O Município da Calheta é o que tem o executivo mais reduzido da região, revelou Décio Pereira, sendo que esta redução foi feita “para que no fim do mandato possamos poupar mais de 400 mil euros”, algo que ai possibilitar ao Município “ter acesso a fundos comunitários, ao contrário do que aconteceu no passado recente”.

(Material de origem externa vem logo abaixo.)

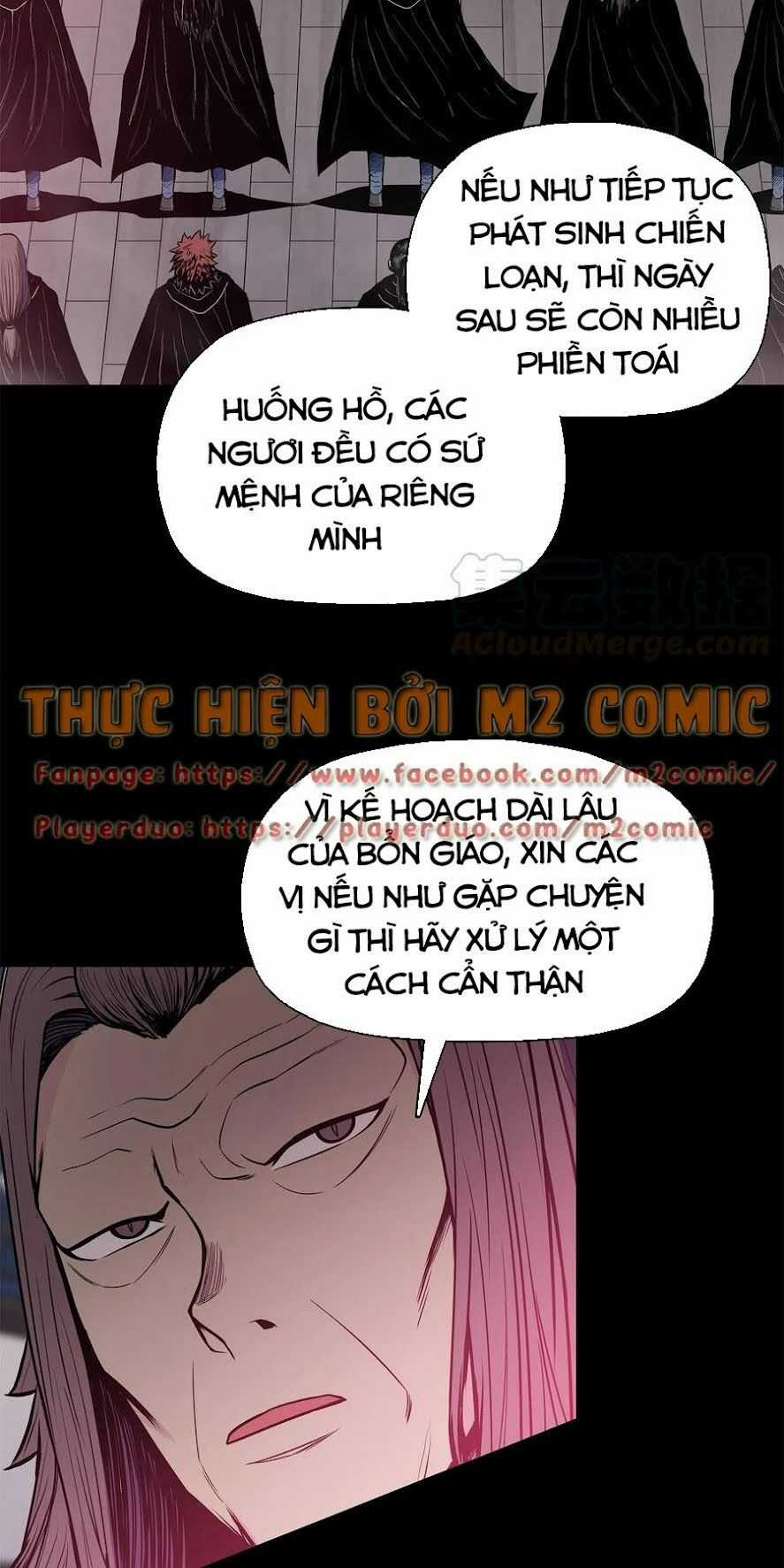 Phong Vân Chiến Thần Chapter 43 trang 3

Décio Pereira pediu ainda à população que possa “compreender as medidas tomadas”, sabendo que muitas vezes “essas medidas não vão ao encontro daquilo que são aquilo que as pessoas entendem”.

Por outro lado, o autarca referiu em relação ao Festival de Julho que o orçamento, recorde-se de 40 mil euros, é reduzido e que todo o dinheiro gasto é investido no comércio local.

Décio Pereira anunciou ainda que em 2015 o Festival de Julho decorrerá de 16 a 20 de Julho, anúncio este que, segundo o autarca, “prende-se com uma coisa muito simples”, uma vez que “infelizmente não nos foi possível ter a presença de muitas pessoas neste festival, porque não foram disponibilizados alguns transportes marítimos que eram necessários”.

“À semelhança daquilo que acontece em outros concelhos, e muito bem, entendemos que também no âmbito do nosso festival devem-se abrir portas a que esses mesmos transportes beneficiem o Festival de Julho”, frisou o presidente do Município, acrescentando ainda que este anúncio serve, igualmente, para que “num futuro próximo não nos venham dizer que o nosso festival é anunciado em cima da hora”.